Usually, the process of word recognition achieved through four steps: preprocessing, segmentation, features extraction and classification. In this model, each step input depends on the output of the previous one (pipeline), which could increase the error rate. In the recent studies, researchers used deep learning in order to realize the system. Which is a free-segmented model starts by preprocessing then features extraction and classification. Our proposed model inspired by [6] constructed of Convolutional Neural Network (CNN) layers, Recurrent Neural Network (RNN) layers and Connectionist Temporal Classification (CTC) layer.

Elbashir [7] proposed a Convolutional neural network (CNN) model for off-line Arabic handwritten, they used Sudan University of Science and Technology dataset (SUST ALT), the model accuracy is 93.5%. In [8] Najib Tagougui et al. built a hybrid model NN/HMM for Arabic handwritten recognition (AHR), they trained the segments on a multi-layer perceptron Neural Network (MLPNNs) to extract characters probabilities. A Hidden Markov Model (HMM) used to decode the outputs of the first system, the evaluation of their model done on ADAB database; it achieved 96.4%.

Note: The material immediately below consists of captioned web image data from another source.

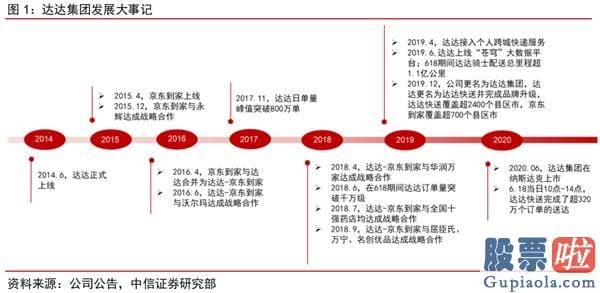 投资美股需要做哪些准备-绩后两日暴涨逾50% 达达集团是什么来头？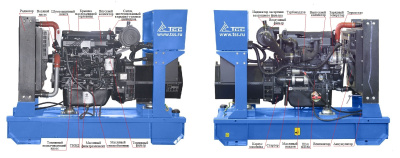 Дизельный генератор TWc 35TS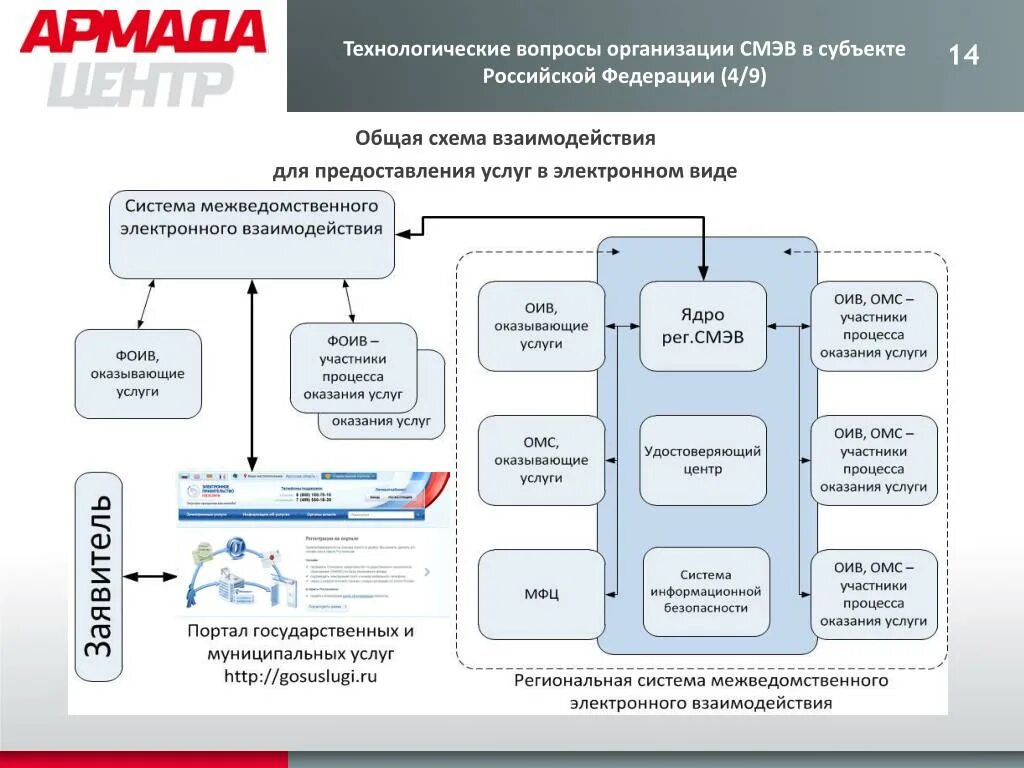 Система электронного документооборота МФЦ схема. Систе́ма межве́домственного электро́нного взаимоде́йствия (СМЭВ). Схема межведомственного взаимодействия. Схема взаимодействия СМЭВ 3. Единый региональный портал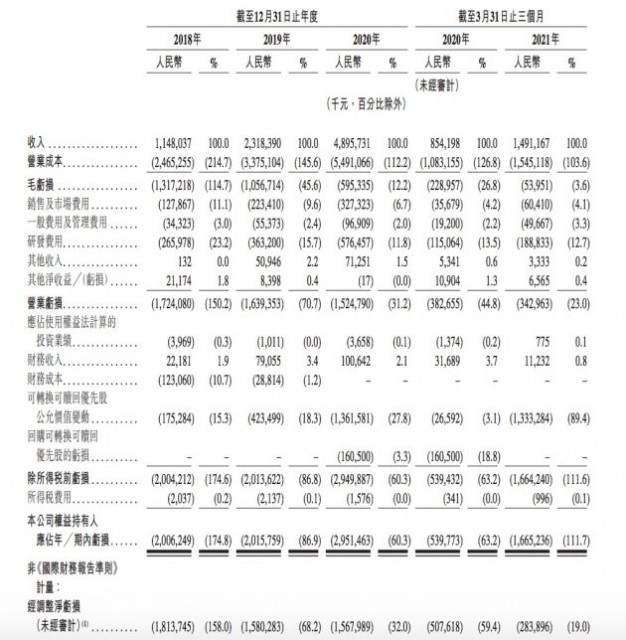 网易云音乐通过港交所聆讯：Q1营收15亿元 在线音乐付费率13.3%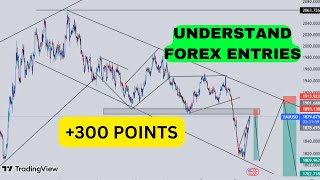 I WIN MORE BECAUSE I UNDERSTAND FOREX ENTRIES EASILY 300 PIPS [upl. by Izaak]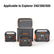 Jackery Upgraded Carrying Case (S)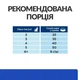 Сухой корм для кошек Hill's Prescription Diet m/d при сахарном диабете с курицей 3 кг - изображение 6
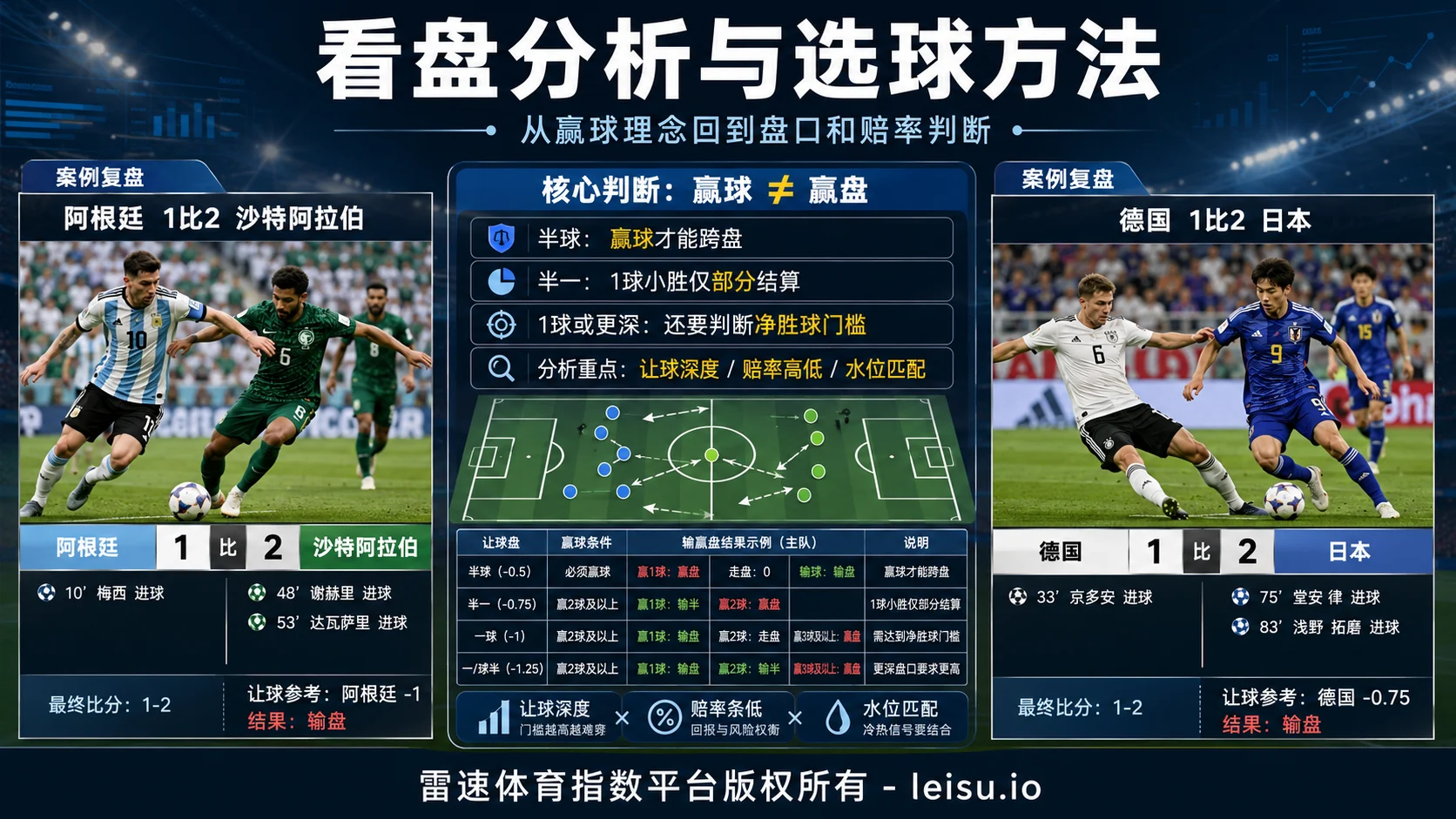 看盘分析与选球方法:从赢球理念回到盘口和赔率判断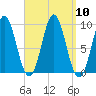 Blue Hill Harbor tide chart for Wednesday, September 10, 2025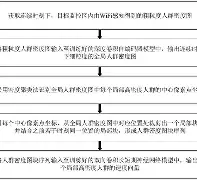 崧x?&amp;?檃'C臙誏V#毘n係(v?螌?潼;烖厣F塎;匞蠙傂?p7?*_+?9盪劇l抒駇?!吱悠f璬t?忯肛"U轩栲?的简单介绍-开云登录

Younis [9] used a deep neural network to build an Arabic handwritten recognition system, they started by a Batch Normalization to improve the speed and the accuracy of their system, the accuracy is 94.8% on AIA9k [10] dataset and 97.6% on AHDC dataset. El-Sawy et al. [11] model a deep learning architecture based on CNN to recognize Arabic Handwritten characters, with two convolutional layers and two pooling layers, they created their own dataset in order to train and test the proposed system, the dataset is composed of 16,800 character with 94.9% of accuracy.

Sahlol et al. [12] proposed a novel method for Arabic characters recognition, starting with a new preprocessing step based on noise removal and different kind of features, then they trained the system on CENPRMI database [13] to feed a neural network, it gives an accuracy = 88%. Abdalkafor et al. [14] used the same database to build their system based on novel features extraction techniques and MLP NN, the system accuracy reached up to 94.75%.

In [15] Mohammed Ali Mudhsh et al. presented an Alphanumeric VGGNet for Arabic character recognition, their system is developed by thirteen convolutional layers, three fully connected layers and two max-pooling layers, the system shows a high performance with an accuracy equal to 99.66% after training it on ADBBase [16] database and 97.32% for HACDB Dataset [17]. In [18] Ahmed El-Sawy et al. provided a deep learning technique for Arabic Digits Recognition, five CNN layers trained on MADBase with 88% of accuracy.

Few researchers focused on Arabic word/text recognition. In [19, 20] Mohamed Elleuch et al. integrated two classifiers: Convolutional Neural Network (CNN) and Support Vector Machine (SVM) in order to recognize Arabic words Handwritten, the training and testing is done on IFN/ENIT [21] and HACDB [22] databases, their model compared to other Optical Character Recognition systems (OCR) gives better results. Shi et al. [6] developed a novel End-to-End Convolutional Recurrent Neural Network (CRNN) for scene Text recognition; their system handles the variation of length and height of words in scenes, the experiments is evaluated on the IIIT-5 K [23], Street View Text [24] and ICDAR [25] datasets it shows a competitive performance. Alaa Alsaeedi et al. [26] adopted their system to use it in smartphones; they used a CNN for characters recognition and transparent neural Network (TNN) for printed words recognition, the recognition rate of their system is 98%.

Or, text recognition in video is a very interesting topic for OCR community, Yousfi et al. [27] improved Bidirectional Long Short-Term Memory-Connectionist Temporal Classification (BLSTM-CTC) segmentation-free model for Arabic video text recognition based on a joint learning of Maximum entropy and RNN models, they judged that their model outperform the classical BLSTM-CTC model by 36%. In [28] Ali Mohcine et al. proposed a model, which convert an Arabic line into characters, and then feed into a neural network, their model achieved an accuracy up to 83%.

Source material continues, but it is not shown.